Studies of childhood cancer survivors have found measurable rates of permanent dental abnormalities: roughly 2.5% of teeth never developed at all (agenesis), 4% came in abnormally small (microdontia), nearly 4% had defective enamel (circular hypoplasia), and 6% to 7% had shortened or abnormally thin roots. Some children also develop oversized teeth, with rates between 2% and 5%, caused by chemo’s effect on the cells that shape tooth size. Age at treatment matters: the younger the child, the more teeth are still in vulnerable developmental stages.
Taste Changes
Many chemo patients notice that food tastes metallic, bland, or just “off.” This happens because certain drugs, particularly vincristine and vinblastine, can directly damage the nerves involved in taste. The distortion can make eating unpleasant, which often leads people toward softer, sweeter, or more heavily flavored foods to compensate. Those dietary shifts can further increase cavity risk, especially when paired with reduced saliva.
Protecting Your Teeth During Treatment
Dental care before chemotherapy begins is one of the most effective steps you can take. Oncology guidelines emphasize getting a thorough dental evaluation in the weeks before starting treatment so that existing problems like cavities, infections, or gum disease can be addressed while your immune system is still functioning normally. Extracting a tooth or treating an abscess during chemo, when blood counts are low and healing is compromised, carries significantly more risk.
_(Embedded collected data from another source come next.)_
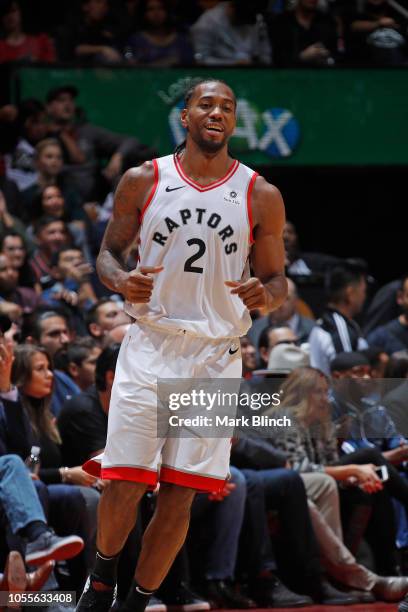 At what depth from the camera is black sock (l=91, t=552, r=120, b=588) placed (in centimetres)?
499

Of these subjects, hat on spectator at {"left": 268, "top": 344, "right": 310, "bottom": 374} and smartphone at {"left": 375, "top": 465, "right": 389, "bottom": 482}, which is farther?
hat on spectator at {"left": 268, "top": 344, "right": 310, "bottom": 374}

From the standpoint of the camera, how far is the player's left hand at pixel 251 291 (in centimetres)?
482

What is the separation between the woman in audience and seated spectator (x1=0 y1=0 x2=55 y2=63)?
532cm

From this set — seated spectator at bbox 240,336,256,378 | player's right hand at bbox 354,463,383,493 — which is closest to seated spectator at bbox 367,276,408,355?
seated spectator at bbox 240,336,256,378

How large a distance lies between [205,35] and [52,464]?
6.57 m

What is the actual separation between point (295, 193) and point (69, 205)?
3.34 metres

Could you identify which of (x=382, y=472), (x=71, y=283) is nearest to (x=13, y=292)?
(x=71, y=283)

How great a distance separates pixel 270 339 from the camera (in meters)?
8.55

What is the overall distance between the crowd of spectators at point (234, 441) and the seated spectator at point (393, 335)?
13mm

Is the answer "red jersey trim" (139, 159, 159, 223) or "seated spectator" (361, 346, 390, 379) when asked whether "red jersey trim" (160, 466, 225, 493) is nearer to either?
"red jersey trim" (139, 159, 159, 223)

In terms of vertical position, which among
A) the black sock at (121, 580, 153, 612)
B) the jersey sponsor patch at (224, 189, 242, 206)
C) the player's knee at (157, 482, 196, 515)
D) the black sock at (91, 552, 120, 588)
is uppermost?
the jersey sponsor patch at (224, 189, 242, 206)

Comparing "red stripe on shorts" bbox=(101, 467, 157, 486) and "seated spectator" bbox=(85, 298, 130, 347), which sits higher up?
"red stripe on shorts" bbox=(101, 467, 157, 486)

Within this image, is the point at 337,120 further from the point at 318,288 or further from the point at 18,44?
the point at 18,44

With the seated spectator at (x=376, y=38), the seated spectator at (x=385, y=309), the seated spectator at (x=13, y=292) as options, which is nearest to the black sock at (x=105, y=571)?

During treatment, the goal shifts to minimizing damage. A few practical strategies help: using a soft-bristled toothbrush (or an ultra-soft one if you have mouth sores), rinsing with a baking soda and salt solution to help buffer mouth acidity, staying hydrated, and using saliva substitutes if dry mouth is severe. For patients receiving the drug fluorouracil, swishing ice chips in the mouth for 30 minutes starting 5 minutes before infusion has been shown to help prevent mucositis by constricting blood vessels in the mouth and reducing the tissue’s exposure to the drug.
Fluoride treatments, whether prescription-strength toothpaste or custom fluoride trays, help compensate for the lost remineralization that saliva normally provides. Avoiding sugary or acidic foods and drinks reduces the acid load your weakened saliva can no longer handle. Even when brushing is painful, gentle cleaning matters. Skipping it entirely for days or weeks during treatment can lead to decay that becomes difficult and expensive to repair afterward.